### Collected data

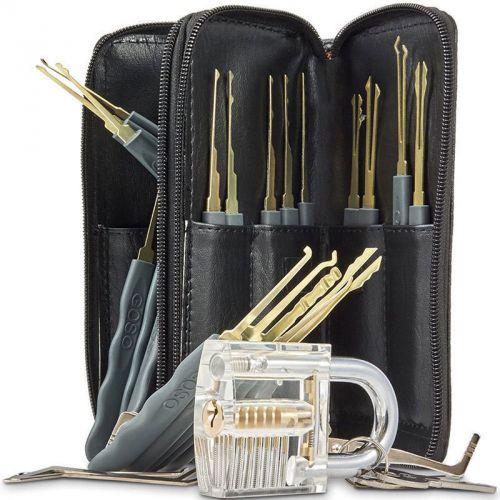 Loctkroe 24 piece locksmith training tool set +clear transparent padlock for sale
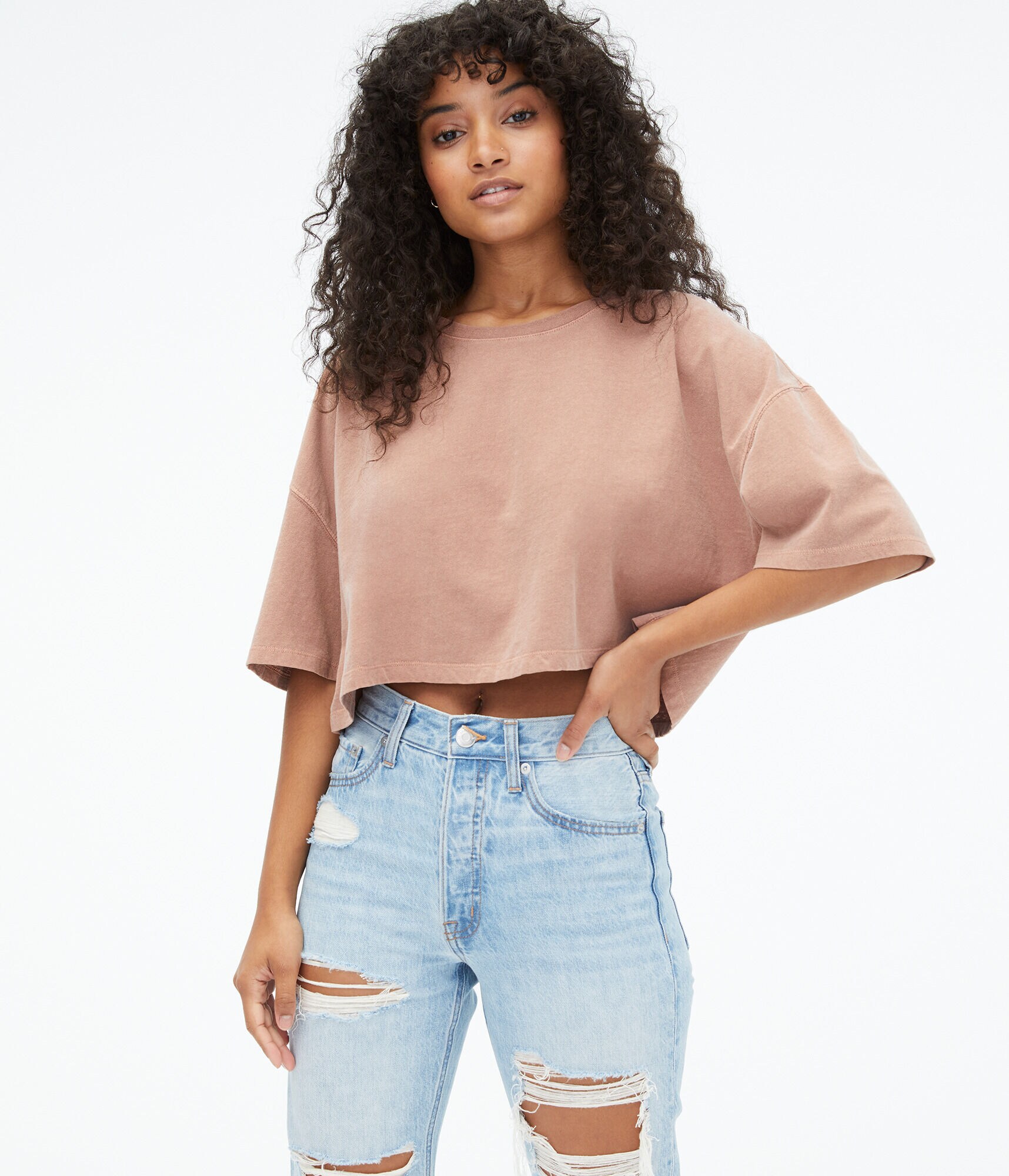 Washed Cropped Boyfriend Crew Tee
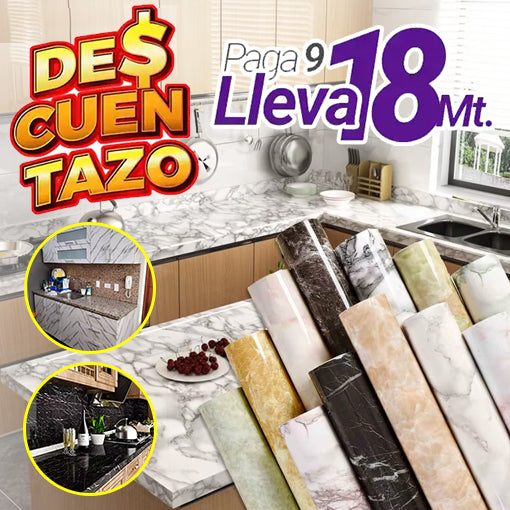 PAGA 4.5 Y LLEVA 9 METROS DE PAPEL STICKER DE MARMÓL 😱 ¡Para mesones, paredes, cajones y más!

### What you should do
Apart from the images, every line above needs to be printed again exactly.

### Exercise answer
 Loctkroe 24 piece locksmith training tool set +clear transparent padlock for sale
 Washed Cropped Boyfriend Crew Tee
 PAGA 4.5 Y LLEVA 9 METROS DE PAPEL STICKER DE MARMÓL 😱 ¡Para mesones, paredes, cajones y más!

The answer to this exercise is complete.